Pagine dalla letteratura teosofica

Pagine dalla letteratura teosofica
"J. Krishnamurti a confronto con la psicoanalisi", di E. Bratina, p. 78 (Edizioni Teosofiche Italiane, 2016). Pubblicato sulla Rivista Italiana di Teosofia di maggio-giugno 2022.
La liberazione da uno stato condizionato sorge spontanea quando la mente rivela il suo processo di condizionamento; ciò avviene quando si è integralmente consapevoli dello stato in cui ci si trova.
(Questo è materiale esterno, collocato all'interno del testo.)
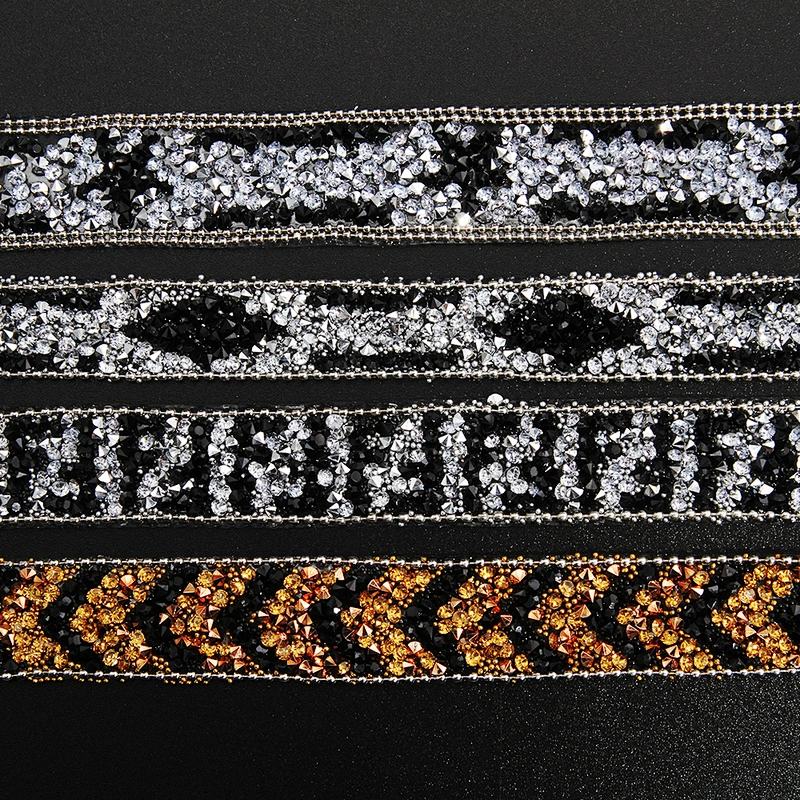 Kavatar Wholesale Rhinestones Accessories Claws Clothes Glass Rhinestone Transfer For T-shirt Star Iron on Trims
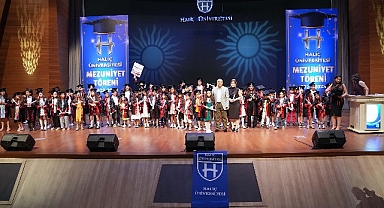 Haliç Üniversitesi Sürekli Eğitim Merkezi bünyesindeki Kids Academy başarılı bir eğitim yılını geride bıraktı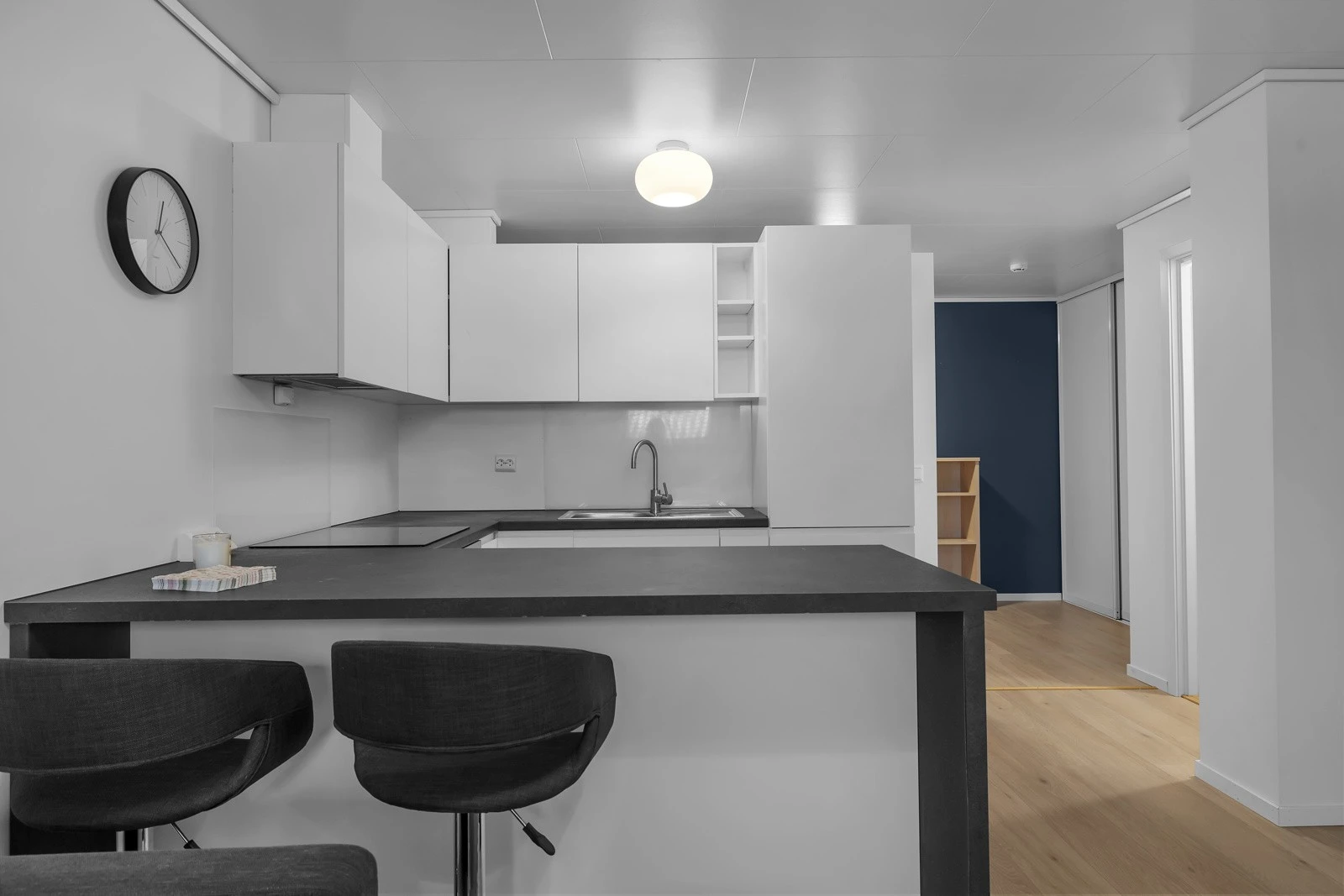 Kjøkken med kjøkkenøy utleiedel. Galleribilde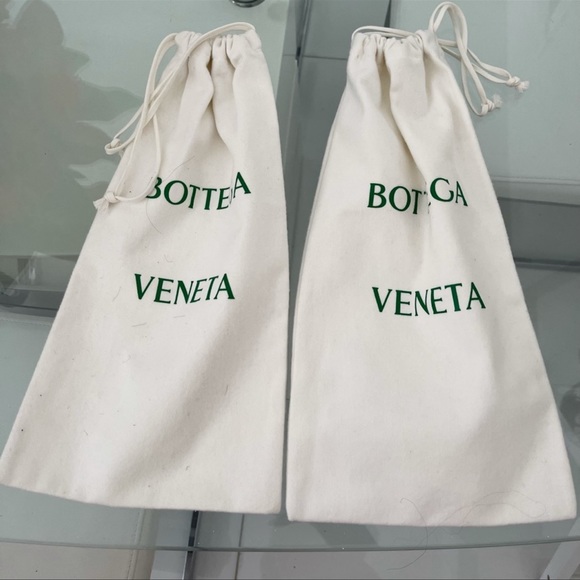 Bottega Veneta Lido Sandals - Picture 3 of 4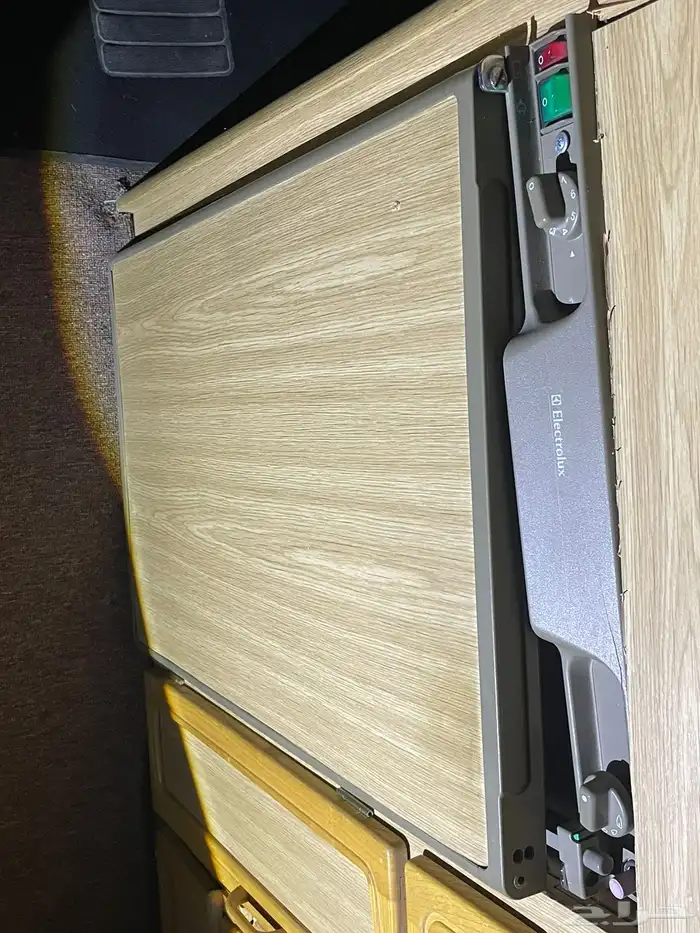 ثلاجة كرفان بالغاز و البطاريه 1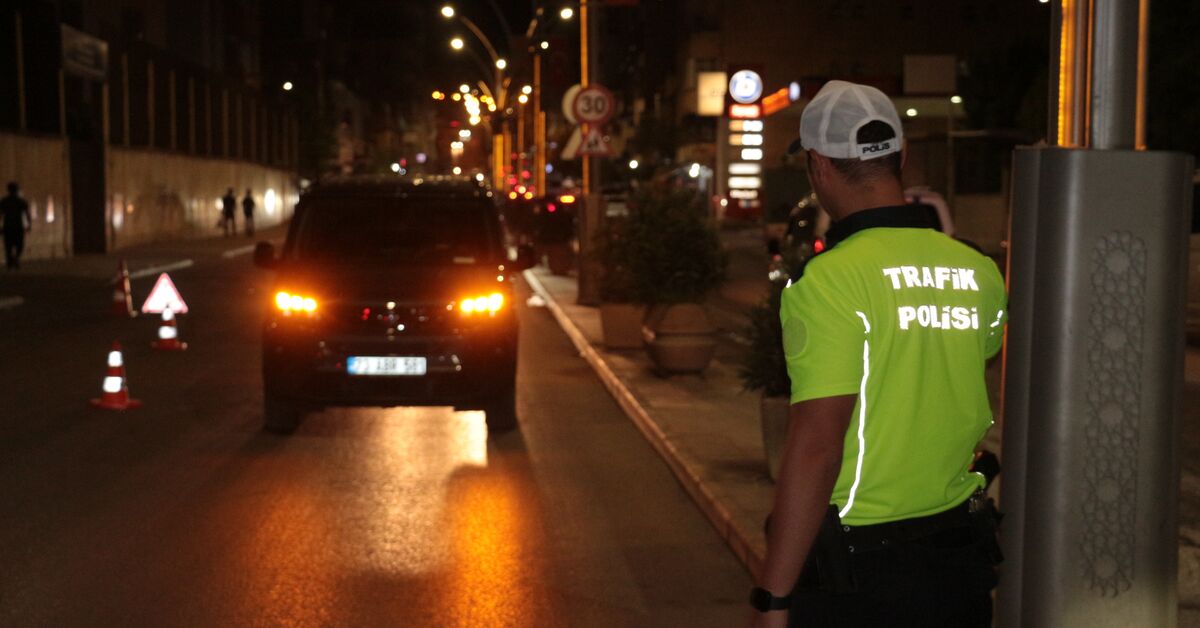 Gündemden Son Bilgiler: Son Gelişme: Huzur uygulamasında 83 gözaltı: İşte Ayrıntılar: Gelişmeler Takip Ediliyo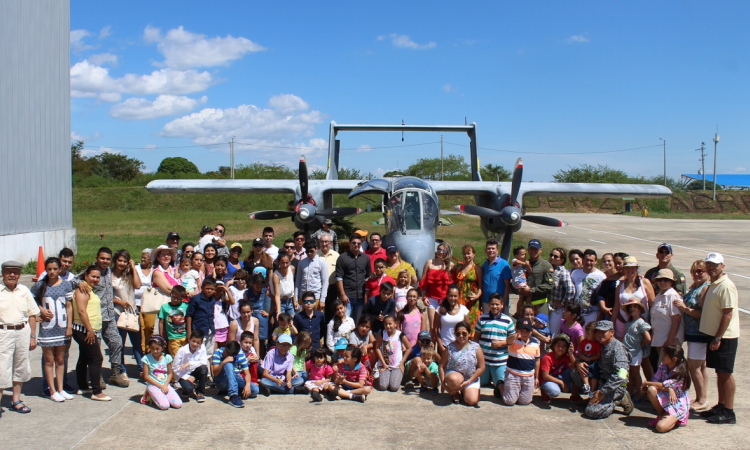 Familiares de uniformados fueron pilotos por un día en el Grupo Aéreo de Casanare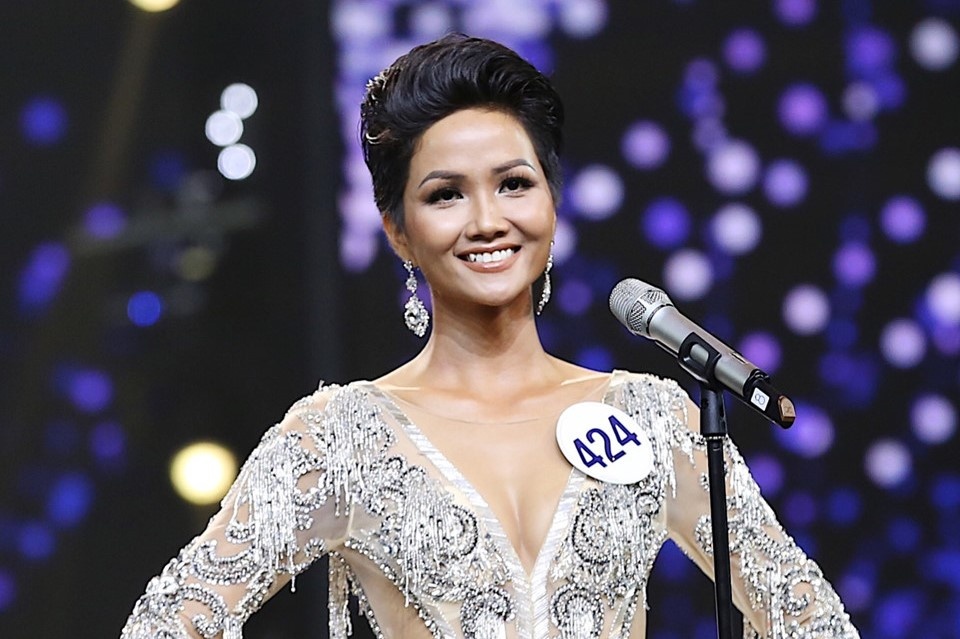 Khi tan Hoa hau Hoan vu Viet Nam bi de biu vi mau da nau hinh anh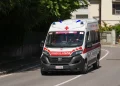 Morto buttafuori dopo rissa in discoteca: indagini sui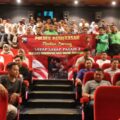 Keluarga Besar Polres Pamekasan Bersama Ojol dan Saka Bhayangkara, Nobar Sayap-Sayap Patah 2 di KCM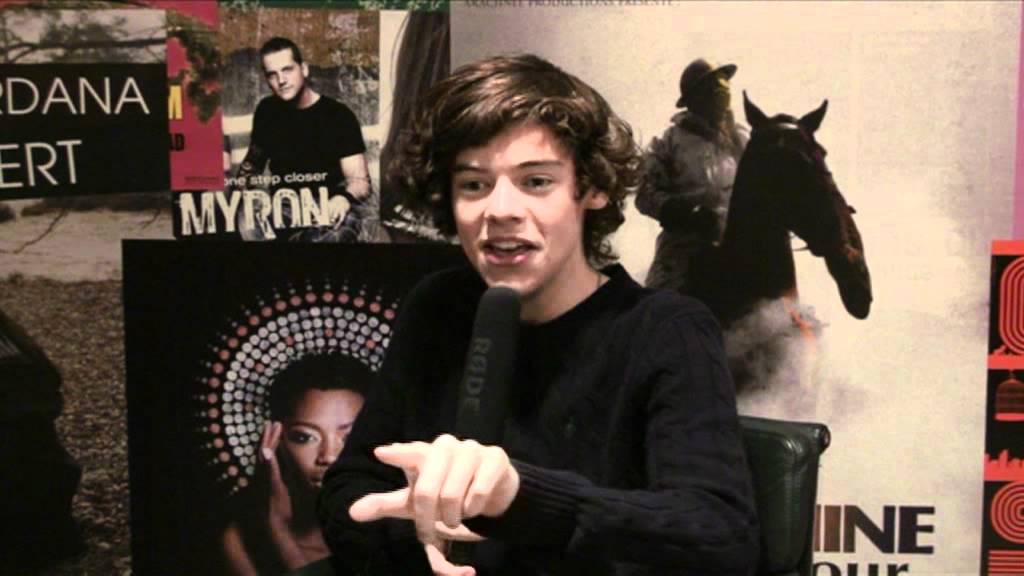 One Direction explain how to get them to follow you on Twitter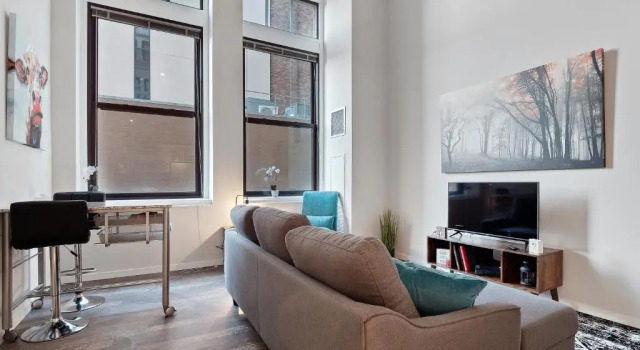 Beautiful Downtown Condo with Amenities Galore 229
Occorre quindi cercare di comprendere se stessi e scorgere gli inconsci determinismi di tutte le nostre quotidiane manifestazioni, anche quelli della ricerca stessa; scoprire gli angoli riposti della mente e del cuore dove trovare le tendenze, l’evasione, le sostituzioni, i sottili inganni all’opera. Dobbiamo andare nella profondità del nostro essere per scoprirvi le cause della qualità del tessuto inconscio.
Occorre però cercare la verità che libera l’uomo e non meramente le cause del dolore, del dualismo o di quant’altro. Le spiegazioni mentali non ci liberano dalle nostre tendenze. E l’avvento della liberazione non sta nella scelta tra l’essenziale e il non essenziale, ma nello scorgere l’illusione che ci induce alla scelta stessa, la quale nutre la mente e ci fa apparire le cose con diversi valori.
La nostra liberazione non si può posporre a domani o ad un’altra vita: essa è un’impresa attuale. Col divenire consapevoli dello stato condizionato in cui ci troviamo, ognuno può incominciare a comprendere che cosa sia la libertà dalle limitazioni, dal timore, ecc. Il processo di liberazione non è un atto intellettuale; lo stato condizionato occorre sentirlo e questo sentimento, reso intelligente, ci rivelerà istantaneamente le origini dello stato condizionato, che cesserà di essere tale. Quando la ragione diviene incapace di ingannarci con la sua logica, insufficiente a proteggere le nostre certezze mentali, e non valgono più le spiegazioni e le teorie e ci troviamo a tu per tu col problema, allora possiamo cogliere quella verità che sola può liberare. Ma la liberazione non è un atto da farsi ogni tanto, bensì un atto continuato.
Qual è dunque la tecnica della comprensione liberatrice?
Essere consapevoli integralmente del motivo che ci spinge all’azione e che determina gli stati condizionati (essere cioè pervasi dall’emozione di un’esperienza rendendoci conto di questo stato). Ma comprendere solo intellettualmente è di poco momento, perché la comprensione non si basa sul processo di analisi, ma deriva dalla vita quotidiana, dall’azione. Con ciò si rivelano i circoli viziosi della mente e quelle resistenze che impropriamente chiamiamo ideali, virtù, dio, ecc., tutte cose per uso personale. Il fatto del ritornare con la mente sull’oggetto sperimentato non può darci sempre una comprensione liberatrice. La comprensione ha da sorgere mentre l’emozione è ancora smossa dall’urto subito: specularci sopra quando questa ha riguadagnato il suo equilibrio non apporta alcun giovamento. La stessa cosa vale qualora si cerchi di suscitare artificialmente un uragano, perché questo avrebbe insita la pregiudiziale anzidetta.